Eleição para o Conselho Tutelar de Maceió

Ministério Público apresenta recurso para TJ reavaliar decisão que permitiu posse de conselheiros tutelares de Maceió

Posse foi marcada para 17 de fevereiro. Eleição foi realizada em outubro de 2019

14/02/2020 por G1 AL

O Ministério Público Estadual de Alagoas (MP-AL) apresentou em recurso nesta quinta-feira (13) para que o Tribunal de Justiça de Alagoas (TJ-AL) analise novamente a decisão que permitiu a posse dos conselheiros tutelares de Maceió, que foram eleitos em outubro de 2019.

Na última segunda-feira (10), o presidente do Tribunal de Justiça de Alagoas (TJ-AL), desembargador Tutmés Airan, derrubou a decisão que suspendeu a posse dos novos conselheiros tutelares de Maceió.

Depois da decisão do presidente do TJ-AL, a posse foi marcada para a segunda-feira (17), às 11h, no auditório da Secretaria Municipal de Assistência Social (Semas), no bairro do Poço, em Maceió.

Em dezembro de 2019, a 44ª Promotoria de Justiça da Capital pediu a anulação da eleição do Conselho Tutelar de Maceió alegando que a votação foi marcada por irregularidades. O MP-AL requereu que houvesse uma nova eleição presidida por outra comissão eleitoral.

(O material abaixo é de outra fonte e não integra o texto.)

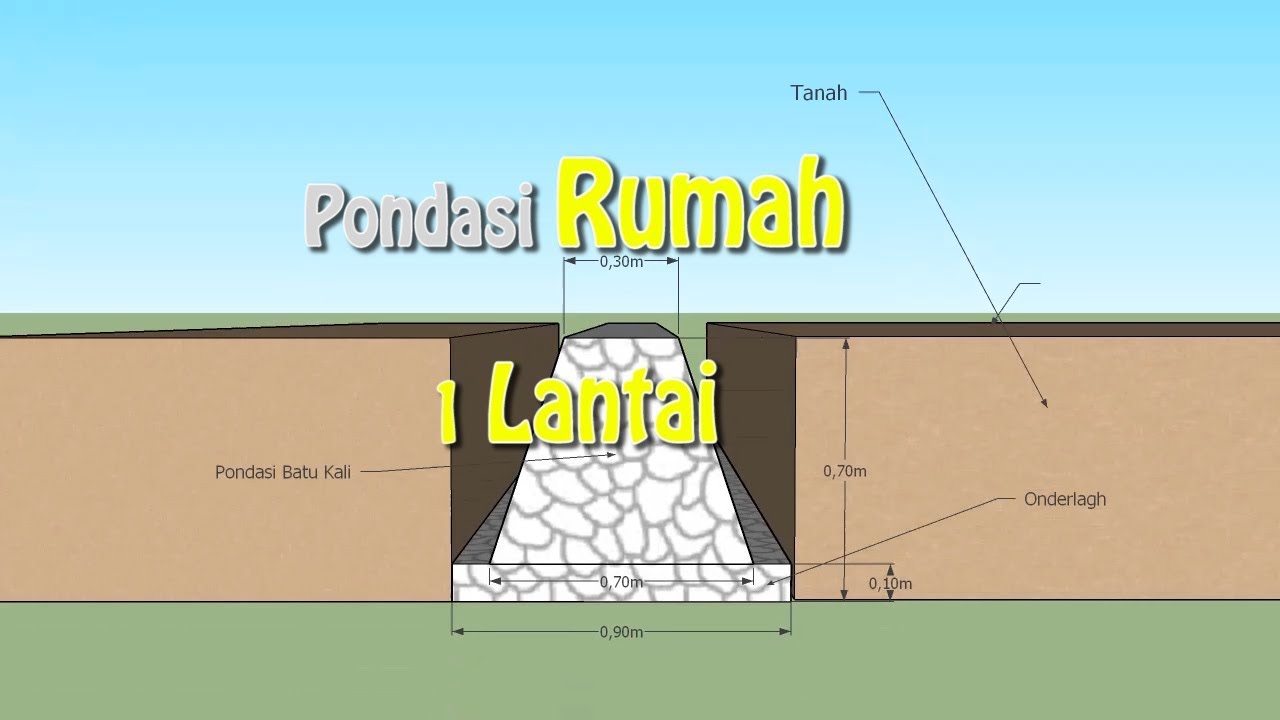 Detail Tinggi Pondasi Rumah 1 Lantai Nomer 5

A Justiça acatou em parte o pedido e determinou que o Município de Maceió suspendesse a posse dos novos conselheiros tutelares e que os atuais conselheiros permanecessem no cargo até que a situação fosse definida.

No recurso, o MP-AL alega risco de dano invertido, defendendo que o processo eleitoral sob exame visa à definição de conselheiros tutelares, cargos aos quais compete a defesa de direitos das crianças e dos adolescentes, sendo absolutamente imprescindível que sejam profissionais isentos e eleitos conforme processo devido.

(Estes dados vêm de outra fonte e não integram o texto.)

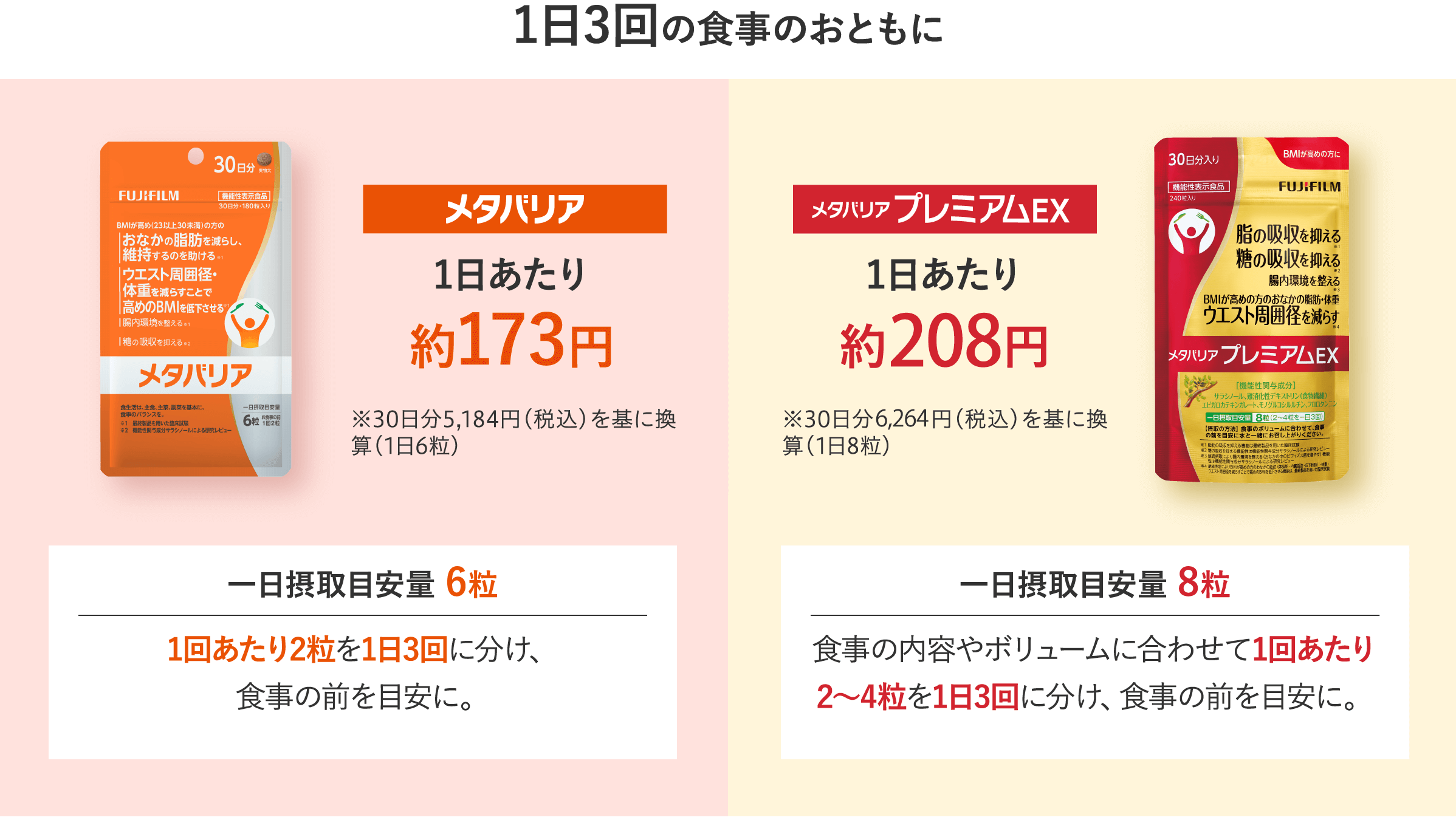 メタバリア1日あたり約173円・メタバリアプレミアムEX1日あたり約208円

O procurador-geral de Justiça em exercício, Márcio Roberto Tenório de Albuquerque, pede também que, caso a presidência do Tribunal de Justiça tenha postura divergente ao Ministério Público apresente o agravo em mesa para julgamento, a fim de que o plenário possa determinar a reforma da decisão, restabelecendo-se os efeitos da decisão proferida pelo Juízo da 28ª Vara Cível da Capital- Infância e Juventude.

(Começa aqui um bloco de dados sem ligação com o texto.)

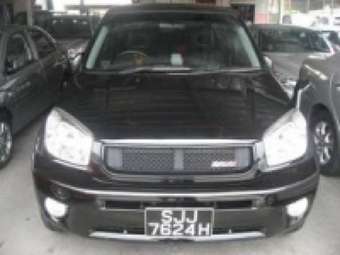 2004 Toyota RAV4 Wallpapers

“É lamentável que o presidente do TJ/AL, desembargador Tutimés Airan, reconhecido pela sua sensibilidade para com as causas sociais, tenha cassado a decisão liminar bem-lançada pela juíza da 18ª Vara Cível da capital, que suspendeu a posse dos conselheiros tutelares eleitos no último pleito, já que o Ministério Publico pontuou em seu agravo todas as irregularidades constatadas por ele quando da fiscalização levada a efeito durante todo o dia em que foi realizado. Com todo respeito ao que pensa o ilustre magistrado de segundo grau, a decisão por ele prolatada não se sustenta pelos seus próprios fundamentos, vez que restou evidente que a vontade popular foi viciada, sem esquecer da influência nefasta de políticos partidários, todos descompromissados com a causa das crianças e dos adolescentes da Capital”, disse o procurador-geral de Justiça em exercício.